70 inci dakikada fenerbahçe'nin sağdan kazandığı frikiği özcan kaleye ortaladı. karambolda, selim turgay'dan söktü topu... ceza sahası içinde selim'le turgay’ın yerlerde taklalar attığı bir kargaşalık seyrettik.
sonra sarı - kırmızılı defans açtı topu...
maçın son onbeş dakikasında galatasaraylılar artık - biraz da rakiplerinin boş bıraktığı - orta sahaya yerleştiler hız, mücadele, hırs yavaş yavaş hafifledi, hafifledi. bitti. maç da beraber.
fenerbahçe soyunma odasında dün sevinçle karışık bir üzüntü vardı. menecer necdet erdem, anahtarının galatasaray forvetinin gol gücünü mahkûm ettiğini söylerken şunları da ilâve etmekten kendini alamamıştı.
«- fenerbahçe iyi oynadı. bilhassa nedim ve selim'in takıma girişi başka bir hava verdi. çocuklar, hırslıydı, çalışkandı ve kazanma azmi içindeydi. anahtarımız kendini gösterdi. fakat, gündüz kılıçta da bir anahtar varmış galiba. o da bizim şansımızı kilitledi.»

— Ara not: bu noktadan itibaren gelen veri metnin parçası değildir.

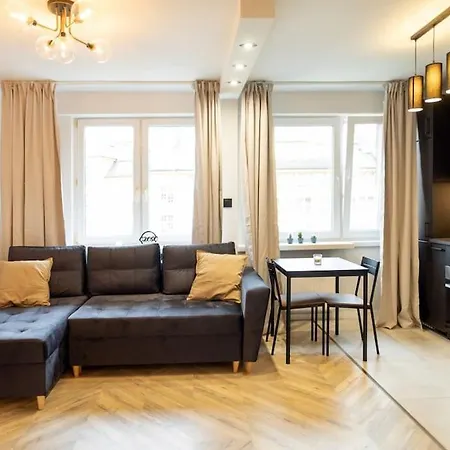 Wyjatkowe Mieszkanie Przy Rynku Lägenhet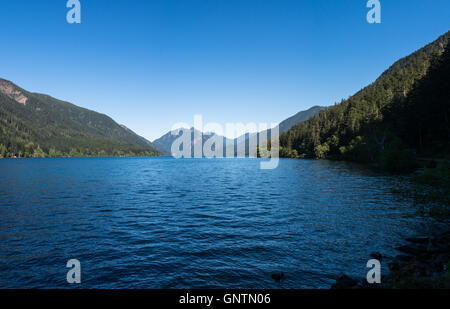 Beau Panorama du lac Crescent à Olympic National Park, Washington Banque D'Images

fenerbahçe soyunma odasında futbolcuları tebrik eden milli takım antrenörü sandro puppo da «çocukları iyi buldum. fenerbahçe bu maçı kazanabilirdi.» dedi
nedim doğan, «fenerbahçeye faydalı olmak için oynadım. taraftarlarımızı memnun edebildikse ne mutlu bize» dedi
selim soydan ise şöyle konuştu: «- maç sırasında oldukça hırslıydım. fakat bâzı sert girişler benim asıl istediğim oyunu oynamama mâni oldu. maç boyunca tal'at peşimi bırakmadı. kendisine sorduğum zaman bana şunu söyledi «vazgeç bu kadar kendini sıkma be birader bırakın kazanalım da şampiyonluğu kaçırmayalım» talâttan kurtulduğum zaman her an çelmeyi yiyeceğimi biliyordum.»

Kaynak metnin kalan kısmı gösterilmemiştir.